VCFA alumna Martha Gregory’s (’16) short doc, THREE RED SWEATERS, has been screened at several venues this last year–winning Best Documentary at the 26th Aspen Shortsfest!
THREE RED SWEATERS features a documentarian exploring the way that we remember and record our lives through the lens of her grandfather’s breathtaking, Alex Colville-esque 16mm home videos. The Aspen Film website describes Martha’s work as “deeply personal yet universally relatable—particularly in the age of social media.” The award praises Martha, “this inquisitive director,” who “gives new life to what was once thought lost forever through the use of photographs and conversations.”
Fangle Magazine published a great article leading up to the Athens International Film Festival featuring Gregory. Here is an excerpt:
“Three Red Sweaters” is a film about how people’s memories may be changing with the ability to record every moment of their lives. Gregory said the idea began as a question for how memories and images, such as photos or film, influence each other.

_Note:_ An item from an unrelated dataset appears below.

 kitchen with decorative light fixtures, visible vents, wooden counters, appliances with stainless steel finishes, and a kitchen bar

Gregory said for this film, she interviewed a lot of people, friends – the cobbler in her neighborhood, other filmmakers – but found her most compelling story though her grandfather.

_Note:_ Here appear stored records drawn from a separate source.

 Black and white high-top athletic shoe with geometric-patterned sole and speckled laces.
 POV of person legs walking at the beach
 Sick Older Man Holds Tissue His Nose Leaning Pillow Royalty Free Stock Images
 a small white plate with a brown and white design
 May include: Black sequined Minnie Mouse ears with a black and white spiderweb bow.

“He kept yearly family albums stuffed with his own photographs from every holiday, birthday, family event and non-event, every trip or vacation etc. and he had a trove of 16mm film he shot in the 50s, 60s and 70s,” Gregory said.
Gregory interviewed her grandfather many times over the course of a few months, but noticed deterioration in his health that pushed her to change her methodology.
“It became apparent to me that he likely wouldn’t live to see the finished film,” Gregory said. “I decided somewhere along the way to use only his 16mm footage as a way to deepen our collaboration and examine my questions through his footage and his experience as a man devoted to preserving memories through images.”
Like O’Shea, Gregory said that her love for film can be found in her formative years, as she started shooting in elementary school. But, Gregory enjoys film for the twists it brings into her life.
“As I’ve worked on other projects and formed a personal community of friends and mentors who are artists and filmmakers, the more social aspects of filmmaking and the fact that a film can be an opportunity for community building have reinforced my commitment to the art form as a way to explore our worlds, build connections and relationships and tackle relevant issues, ideas and problems,” Gregory said.
Going forward, Gregory has plans to finish a film on how feminism in Nicaragua is an effective tool against the dictatorship, as well as continue her role as film studio manager.